Memories of Retrocity de Bastien Lecouffe Deharme – Les Editions du Riez
Le Journal de William Drum,
À la veille de l’hiver 2004, William Drum, ex-inspecteur de la police criminelle de Chicago, est exilé par ses supérieurs à Retrocity.
Cité déchue, fermée sur elle-même, que l’on tente de faire disparaitre des consciences depuis plus d’un demi-siècle.
À l’aide d’une machine à écrire trouvée dans son appartement, William se lance dans la rédaction de son journal de bord, et s’enfonce dans la ville.
Une ville hors du temps, que les citoyens ont depuis longtemps désertée.
Une ville où la mécanique remplace les organes humains.
Une ville malade et rongée par un étrange virus.
Une ville de laquelle on ne revient pas.
Memories of Retrocity se présente sous la forme d’un journal, celui de William Drum agrémenté de superbes illustrations auxquelles le texte donne vie. Si je n’aime pas le principe, qu’on m’impose ainsi les images à la lecture, les illustrations, l’univers de l’auteur est trop attrayant, trop à mon goût pour rechigner. De plus ce n’est pas le texte qui est réellement mis en avant, ce sont les images qui nous immergent dans cette ville, nous imprègnent. Le texte sert l’image et non l’inverse, du coup j’accepte sans plainte d’être ainsi réduite au rang de simple spectateur. A la différence d’un film où les images se succèdent à leur propre rythme (bon ok on peut toujours faire pause, choisir le chapitre) ici les pages sont parcourues au gré de mes caprices. Un plus non négligeable.

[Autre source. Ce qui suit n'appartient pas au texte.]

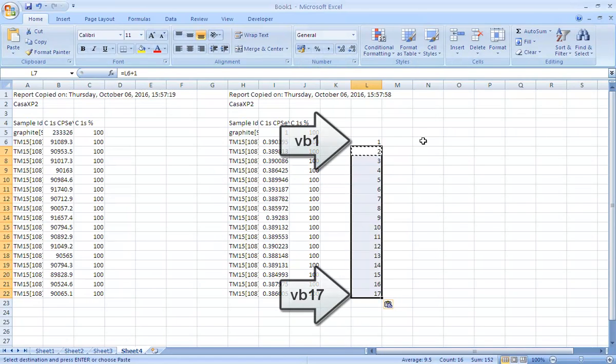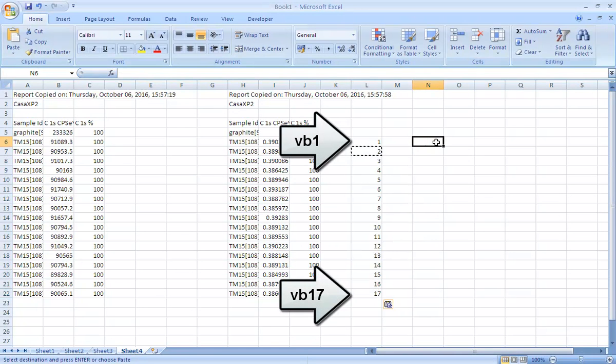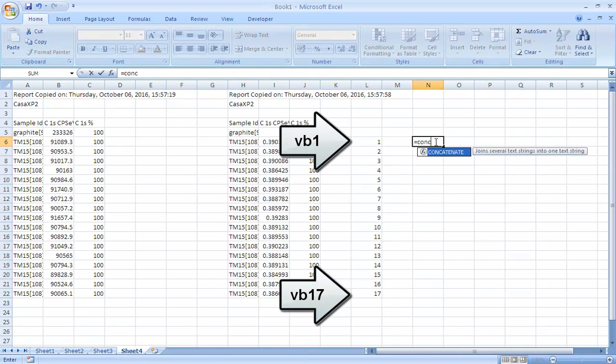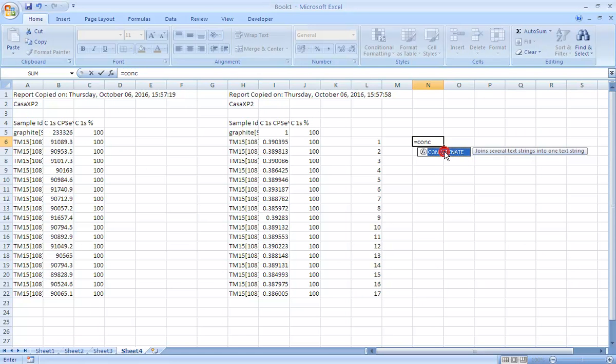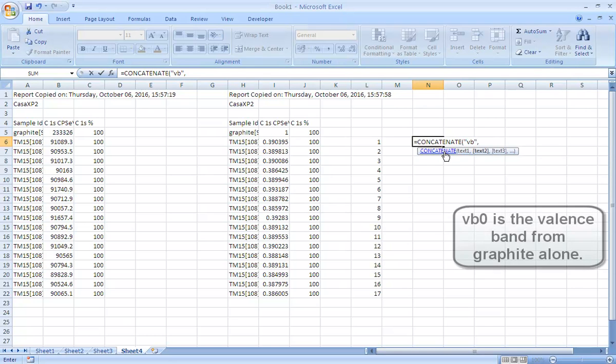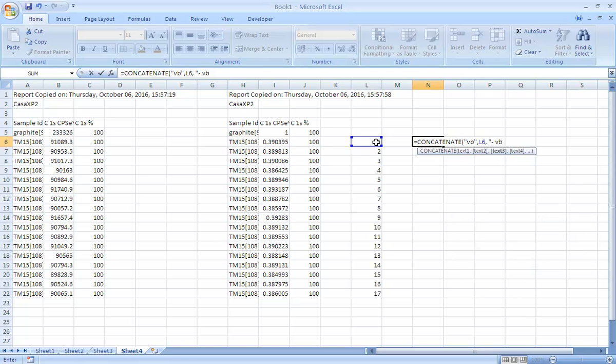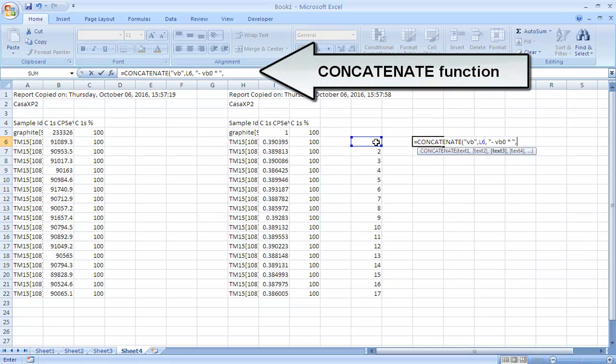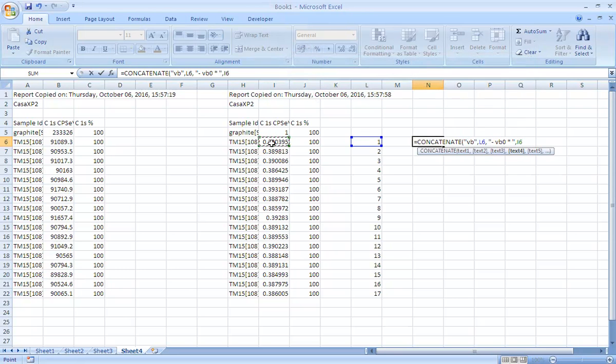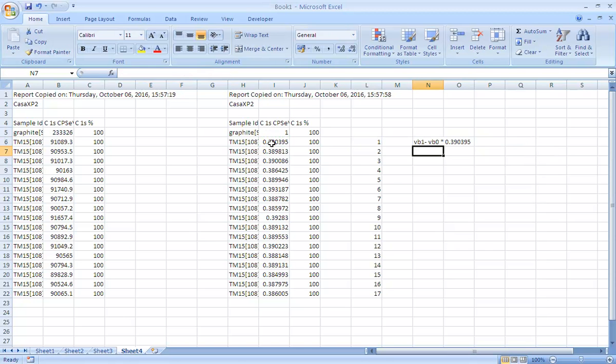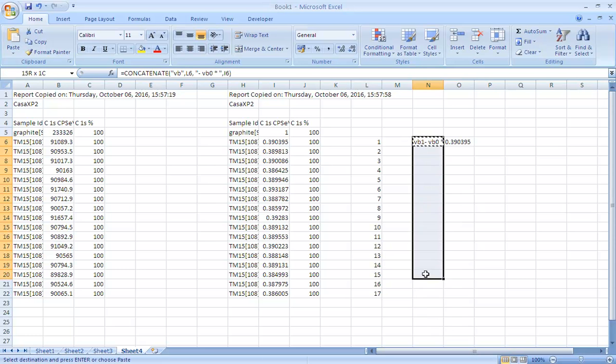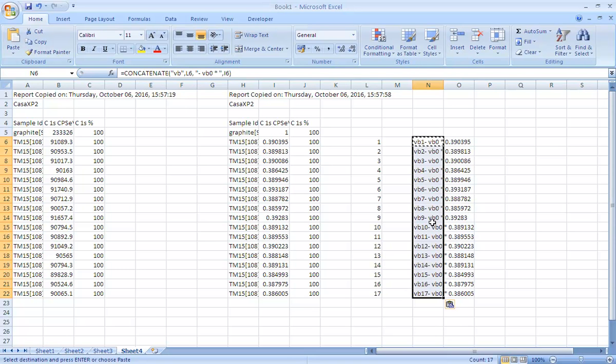Now what we need to do is subtract from each one of these Vb1, for example, the right proportion of Vb0, which is a graphitic valence band. We'll concatenate Vb with the index and then we will also have a string that says minus Vb0 times the amount that we've calculated. We've got ourselves a formula which tells us how to calculate the copper valence band in the absence of graphite.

" Ce livre n’est pas un roman ", ce que nous confirme le narrateur: "Je suis flic, pas écrivain" On peut y voir un parallèle avec l’auteur, Bastien Lecouffe Deharme qui est avant tout graphiste (si je ne m’abuse). N’empêche qu’on se prête au jeu, tout comme William qui endosse son rôle sans sourciller en tenant régulièrement ce journal.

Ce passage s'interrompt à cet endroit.